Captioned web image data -
* * * * * * * * *

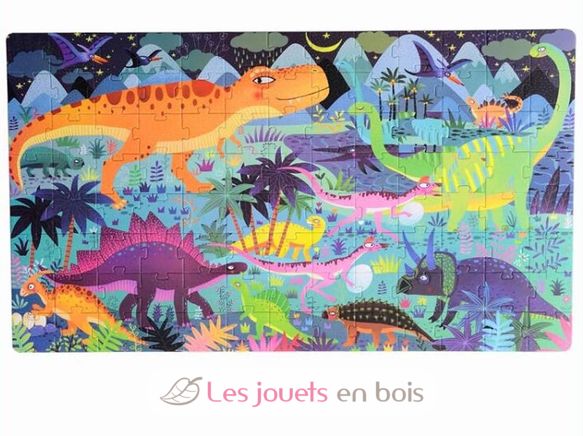 Puzzle 48 Pièces en Bois - Woody Puzzle : Dinosaures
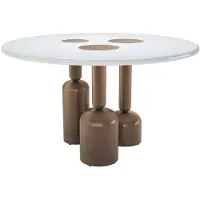 Demotex GmbH Luxus Esstisch Weiß / Bronze Ø 150 cm - Luxus Hotel & Restaurant Möbel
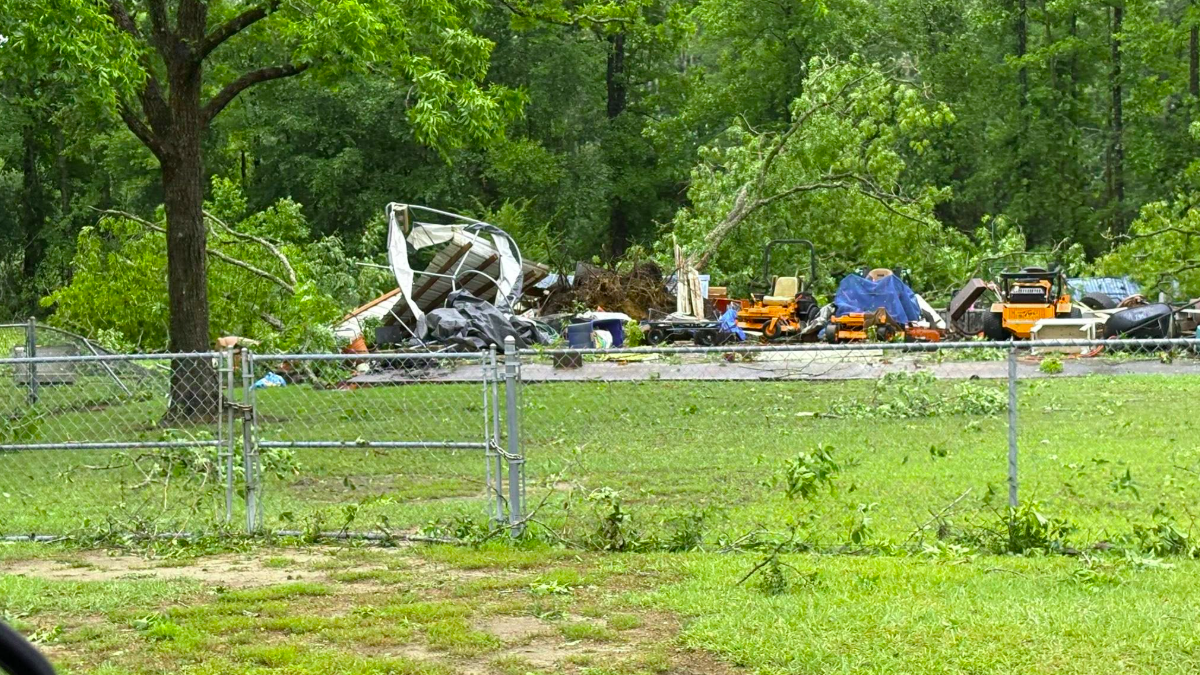 Damage caused by potential tornado touchdown in Holmes County Florida on May 11, 2025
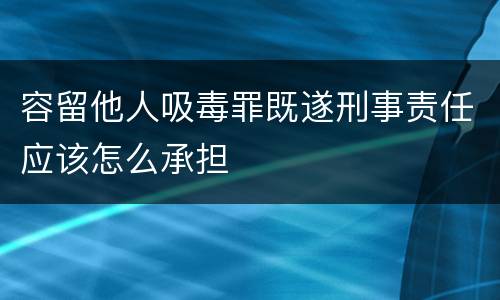 容留他人吸毒罪既遂刑事责任应该怎么承担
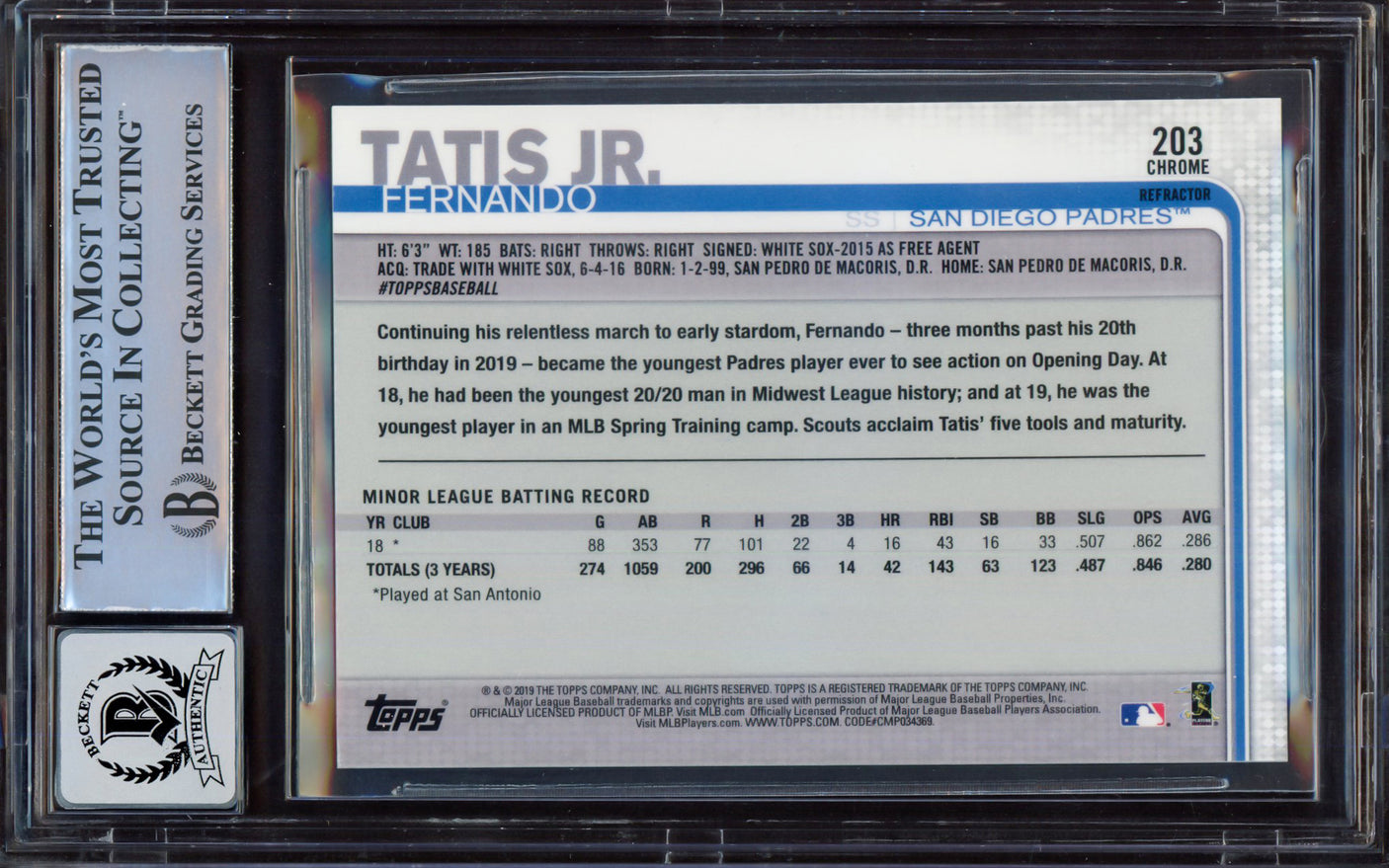 Fernando Tatis Jr. Autographed 2019 Topps Chrome Sepia Refractor Rookie Card #203 San Diego Padres BGS 8.5 Auto Grade Near Mint/Mint 8 Beckett BAS #15469257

* * * * * * * * *

Exercise - Copy out, without any pictures, the lines of the records above from the one containing "Demotex GmbH Luxus" through the final line, both ends included.

Task solution -
 Demotex GmbH Luxus Esstisch Weiß / Bronze Ø 150 cm - Luxus Hotel & Restaurant Möbel
 Damage caused by potential tornado touchdown in Holmes County Florida on May 11, 2025
 容留他人吸毒罪既遂刑事责任应该怎么承担
 Fernando Tatis Jr. Autographed 2019 Topps Chrome Sepia Refractor Rookie Card #203 San Diego Padres BGS 8.5 Auto Grade Near Mint/Mint 8 Beckett BAS #15469257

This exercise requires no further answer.